Das Ar­beits­ge­richt hat der Kla­ge in Höhe von 9.900,00 Eu­ro statt­ge­ge­ben und sie im Übri­gen ab­ge­wie­sen. Auf die Be­ru­fung der Be­klag­ten hat das Lan­des­ar­beits­ge­richt die erst­in­stanz­li­che Ent­schei­dung ab­geändert und die Kla­ge ins­ge­samt ab­ge­wie­sen so­wie die wei­ter­ge­hen­de Be­ru­fung der Kläge­rin zurück­ge­wie­sen.
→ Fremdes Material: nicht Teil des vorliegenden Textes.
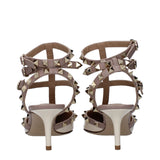Valentino Garavani Beige Leather High Heel Pumps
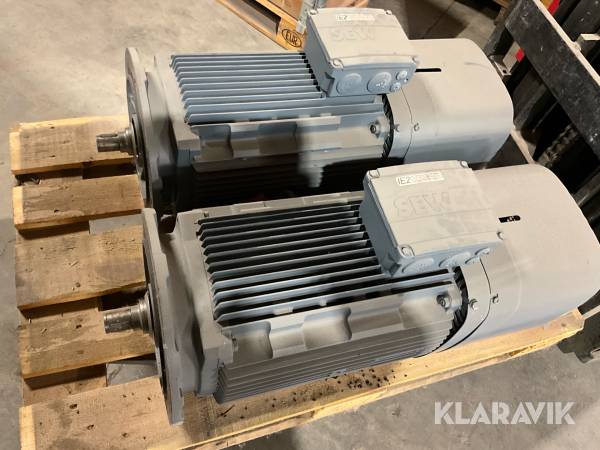 Tappväxelmotor Sew-Eurodrive FA107/G DRE180LA/ES16 2 st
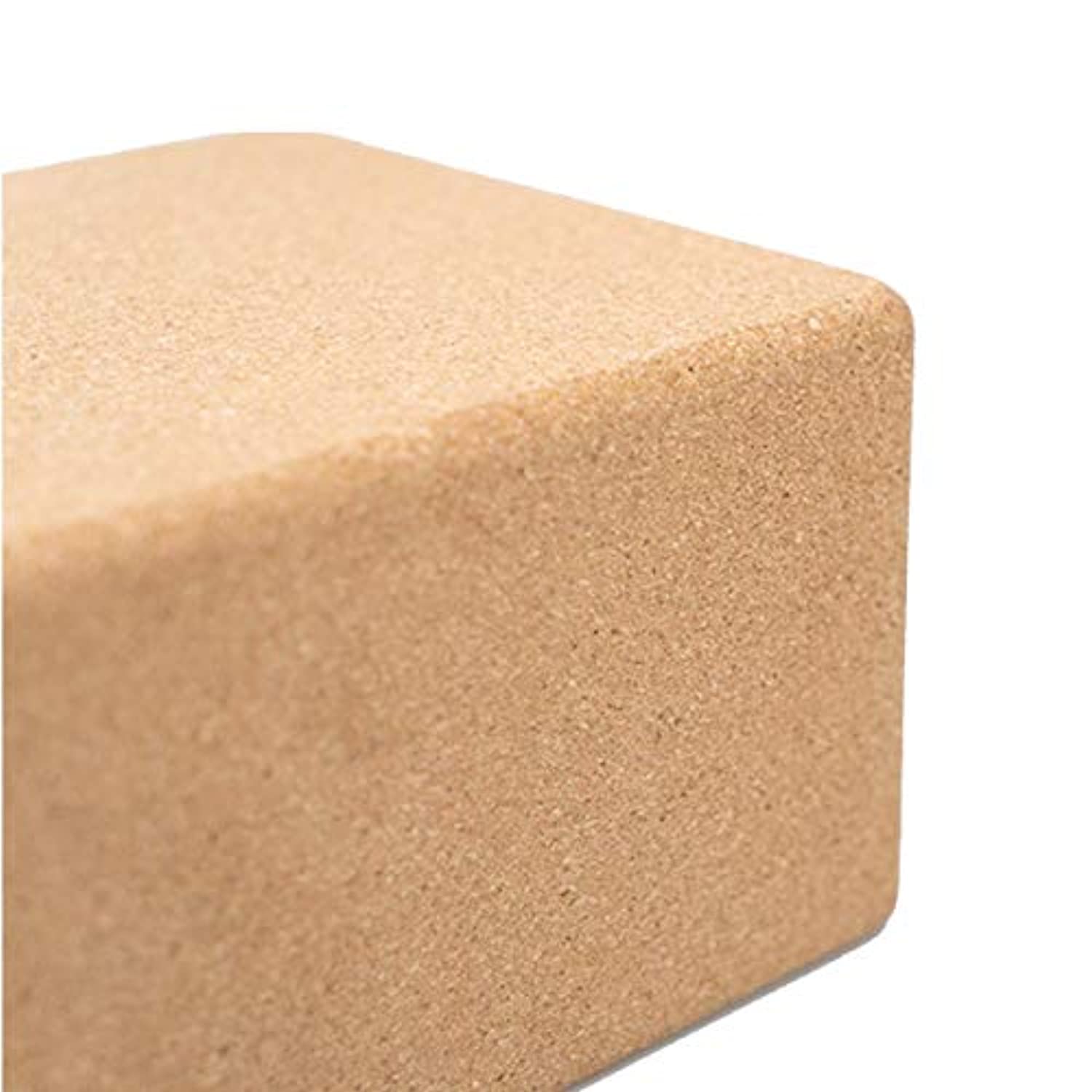 EFFYLIFE Bloque de yoga de corcho – Natural Eco Yoga Ladrillo | Bloque de yoga de alta densidad sostenible para ejercicios de madera para yoga, meditación, pilates, estiramiento (9
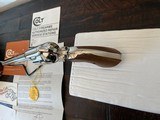 1980 Colt SAA, .44 Special, Nickel, Walnut, Original Box and Papers - LNIB - Image 6 of 20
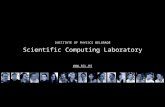 Scientific Computing Laboratory I NSTITUTE OF P HYSICS B ELGRADE WWW. SCL. RS.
Mit der vom Lan­des­ar­beits­ge­richt zu­ge­las­se­nen Re­vi­si­on ver­folgt die Kläge­rin ih­ren Ab­fin­dungs­an­spruch wei­ter.

Ent­schei­dungs­gründe

Die Re­vi­si­on ist un­be­gründet. Das Lan­des­ar­beits­ge­richt hat die Kla­ge zu Recht ab­ge­wie­sen. Zwi­schen den Par­tei­en ist we­der ei­ne Ver­ein­ba­rung über die Zah­lung ei­ner Ab­fin­dung in Höhe von 20.000,00 Eu­ro zu­stan­de ge­kom­men noch be­steht ein An­spruch der Kläge­rin auf ei­ne Ab­fin­dung nach § 1a KSchG in Höhe von 9.900,00 Eu­ro.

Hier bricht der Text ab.